Le décret 3692 du 22 juin 2016 complète la loi n° 60 dans le cas où la personne physique ou morale est engagée dans une activité professionnelle. Il précise la notion de “non-résidence”. Si une personne exerce au Liban une “activité occasionnelle”, c’est-à-dire qui ne se répète pas plus d’une fois par an, elle est considérée comme non-résidente. À l’inverse, si elle dispose d’un “lieu fixe d’activité”, occupé pendant plus de six mois pour les travaux publics et privés et plus de trois mois pour toutes les autres activités, alors elle ne peut être considérée comme non-résidente.

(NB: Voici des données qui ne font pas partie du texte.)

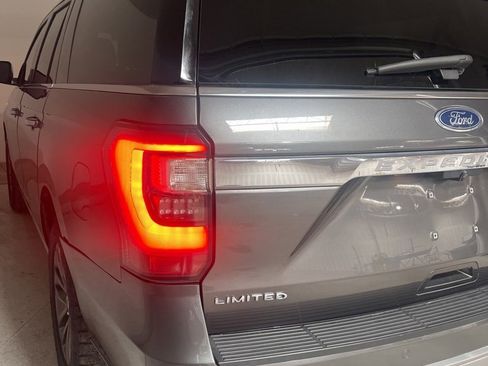Used 2021 Ford Expedition Max Limited image 13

La loi n° 60 et le décret 3692 permettent en théorie de déterminer si oui ou non un contribuable réside fiscalement au Liban. Toutefois, « il n’y a pas de définition commune de cette notion à l’international », explique Chris Orchard, consultant senior au sein du cabinet londonien Hansuke Capital et ancien haut fonctionnaire au sein de l’administration des impôts britanniques. « Il arrive que les revendications de deux États en matière d’impôts se superposent », ajoute-t-il.

Dans ce cas, l’existence d’une convention bilatérale définissant les conditions précises de la résidence fiscale entre les deux entités permet de trancher et, in fine, d’éviter la double imposition. « La convention prime sur le droit national », indique Maxence Manzo, avocat associé chez Cazals Manzo Pichot. Les critères le plus souvent utilisés par les conventions bilatérales sont, par ordre d’importance : le foyer d’habitation (lieu où la personne et sa famille habitent normalement), le centre des intérêts vitaux (liens personnels ou économiques privilégiés), le lieu de séjour habituel et, enfin, la nationalité, en dernier ressort.